Infiltration and illegal inflow into foul sewer systems can cause different problems such as a decrease in the performance of treatment plants, the surcharge of pipelines and more frequent overflows, which cause negative impacts on the environment. Water companies are increasingly been driven to address these problems by reducing infiltrations and identifying the sources of illegal inflows. Overall, the traditional techniques applied in these cases are expensive and time consuming and many times only partially efficient. Examples are the use of CCTV inspections, smoke tests and the installation of a large set of sensors to collect continuous data such as flow rates, water levels, temperature or concentrations of pollutants. The aim of this study is to apply two types of inverse numerical techniques to identify the source location of illegal inflows into wastewater systems based on information collected at the outlet of the drained basin and a calibrated numerical model of the sewer network.
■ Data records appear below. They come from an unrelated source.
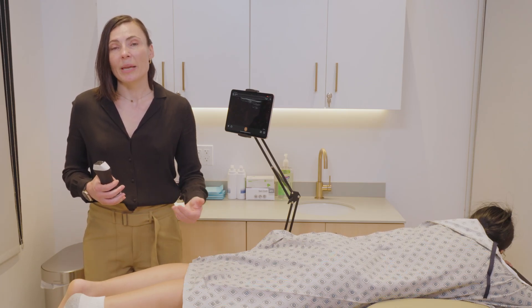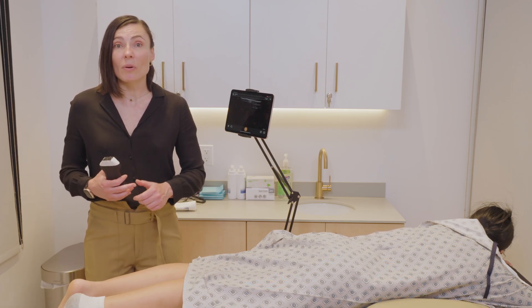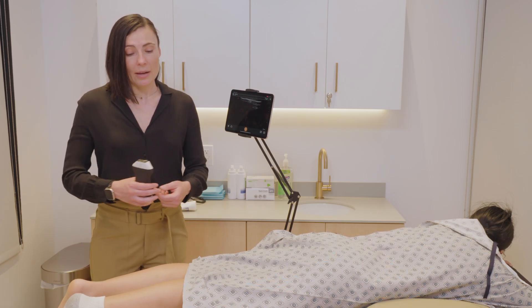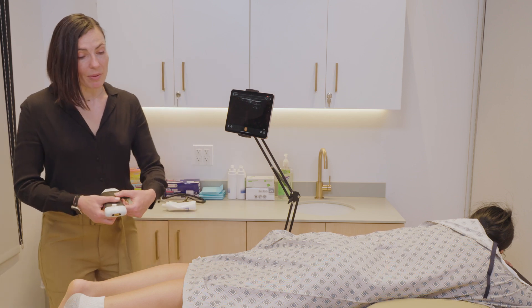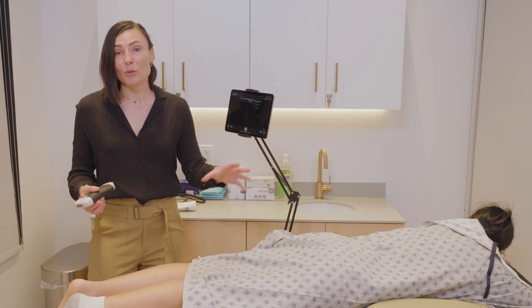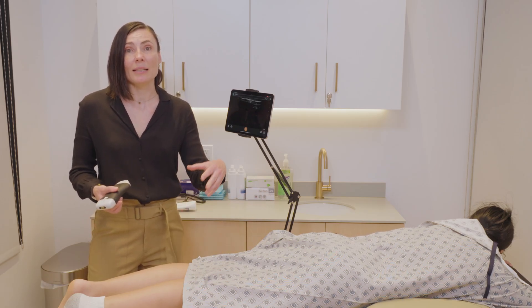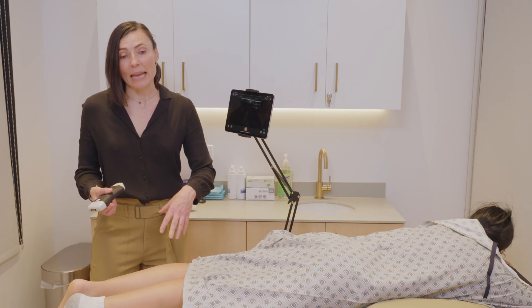Let's go over the indications for this — that would be patients with posterior ankle pain that you're concerned for Achilles tendinopathy or an Achilles tear. I typically have the patient in a prone position, like we have here, but you can also do it with the patient sitting down and feet hanging down.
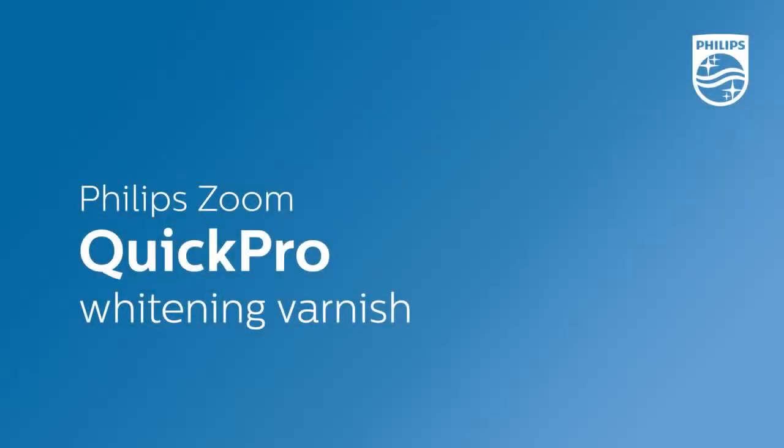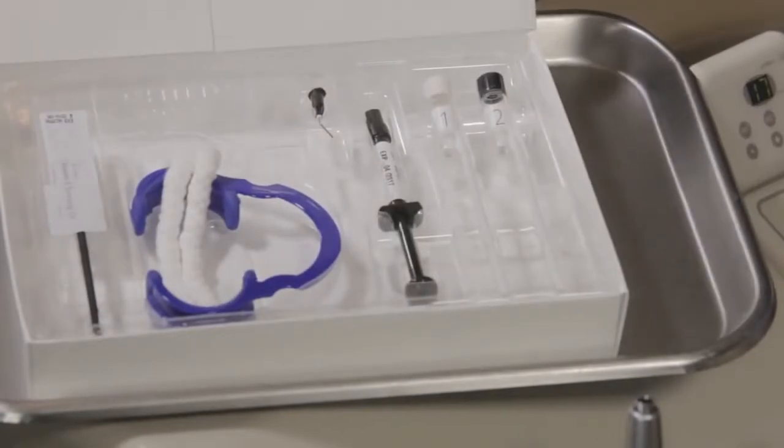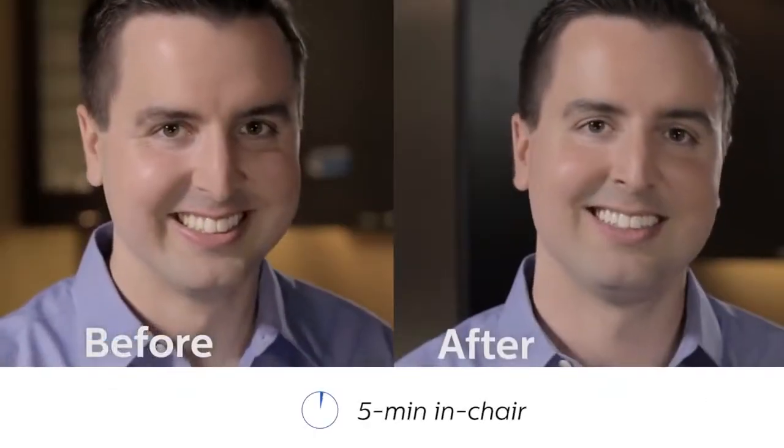Philips Zoom Quick Pro is an entirely new way to offer patients professional whitening results in minimum time. It utilizes a breakthrough two-layer technology that whitens teeth by four shades but takes just five minutes to apply. Because of the quick application time and innovative sealant layer, Philips Zoom Quick Pro allows you to make whitening a part of nearly every patient's regularly scheduled appointment.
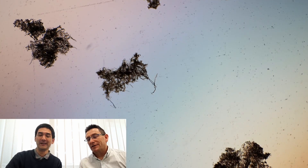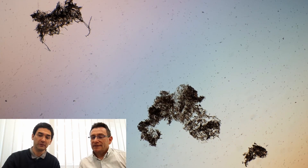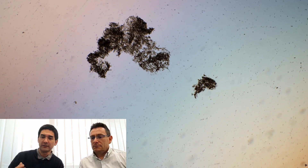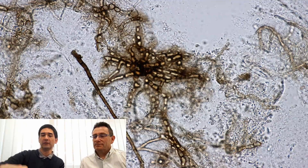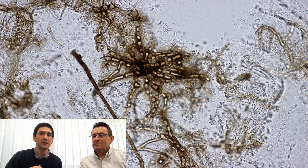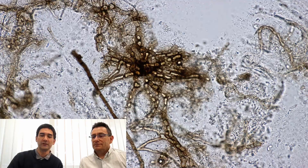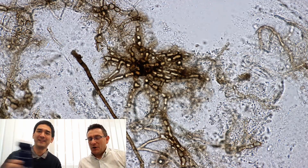These are not algae — these are actually a fungus. Mold, or maybe even different types of mold species. Especially over here you can see the individual cells, and they're kind of like fibers — they're long, they're filaments. These are called the hyphae of the fungus. So yes, it's mold. You've been growing mold in your bottle.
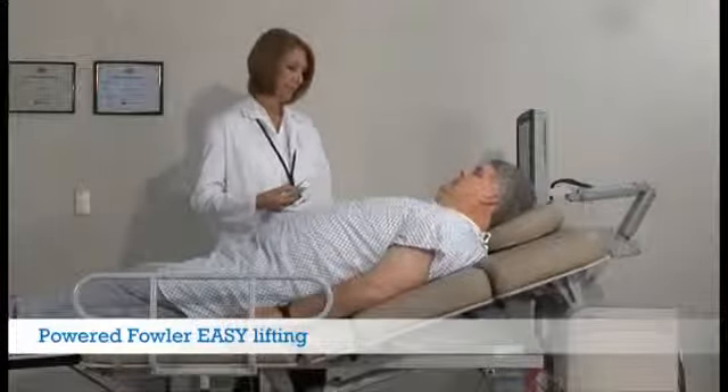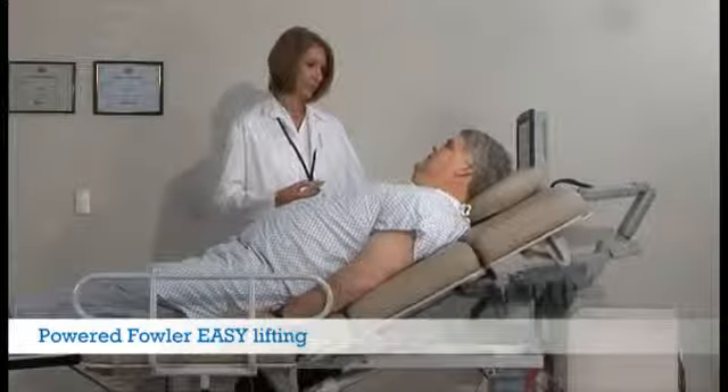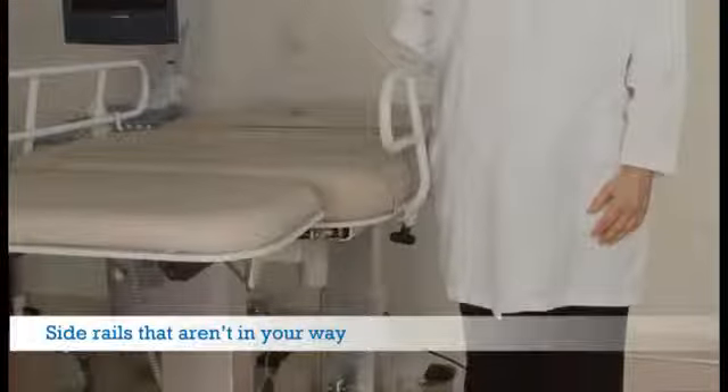Helping large patients sit up is a safety concern for all sonographers. To address this positioning need, Oakworks ultrasound tables feature a powered fowler. Our side rails are designed with ergonomics in mind — they lock securely in place and allow sonographers to get very close to their patients with no sharp surfaces.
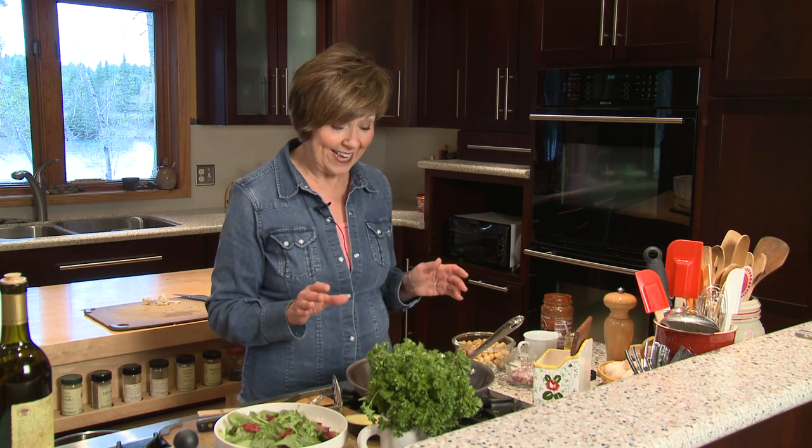My husband thinks I'm a little crazy because I love to eat dinner leftovers for breakfast and he just can't understand how I could do that. But actually eating leftovers is a great way to get your protein and fiber and sometimes really good veggies. And on days when I don't have leftovers to eat for breakfast, I have to make my own savory dish. So I say move over scrambled eggs because I've got better things to eat sometimes.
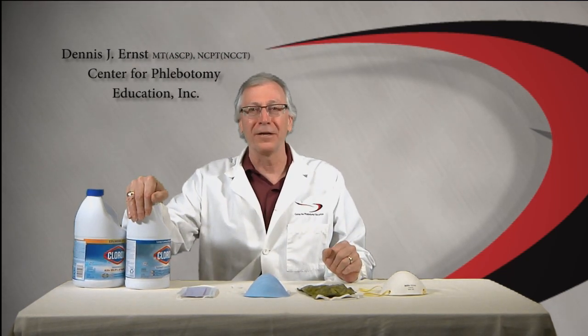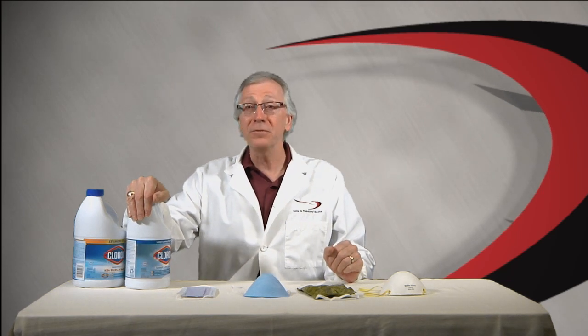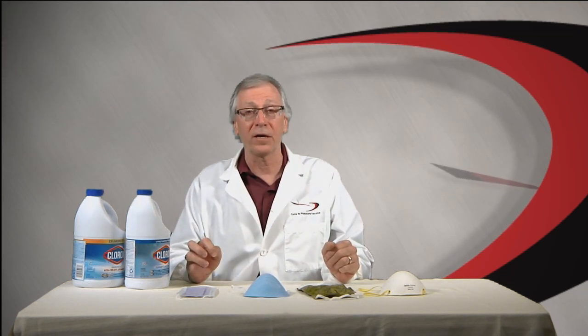Hey everyone. As promised, I want to give you some guidance on drawing blood during this COVID-19 pandemic. There's also been some labeling weirdness going on about bleach that I want to make you aware of if you're using it to decontaminate surfaces, even face masks, to kill the virus. When it comes to protecting phlebotomists, there's a lot of concern out there, and rightly so. There's a lot of misinformation as well. If you read the April issue of Phlebotomy Today, you know I've done extensive research on the prevailing recommendations from the infection control community and the CDC. This video reflects what I've learned and what the consensus is as of today.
In this work, the numerical model is developed using the Storm Water Management Model (SWMM) software distributed by the Environmental Protection Agency (USA). We considered a realistic foul sewer system with known dimensional and hydrological characteristics. Synthetic case studies are set up to test the inverse approaches. Assuming a hypothetical rainfall event and an illegal inflow released at a certain location in the sewer system, the numerical model is run forward to obtain the flow hydrograph at the network outlet. This information is then used as available observations to perform the inverse modelling. The first investigated technique is an artificial neural network (ANN) of the feed-forward type. It will be trained to recover the inflow source using the simulation results of SWMM driven by a large set of rainfall events and inflows located at different positions in the sewer network. Once trained, the ANN will be used to identify the location of the inflow based the observed flood wave. The second procedure derives from Kalman filter techniques: the Ensemble Smoother with Multiple Data Assimilation (ES-MDA). Also in this case, the method, starting from the known rainfall event and the observed flow hydrograph, is used to locate the inflow source. In addition to the results of the synthetic case obtained by means of the two procedures, the field applicability to real case studies will be discussed.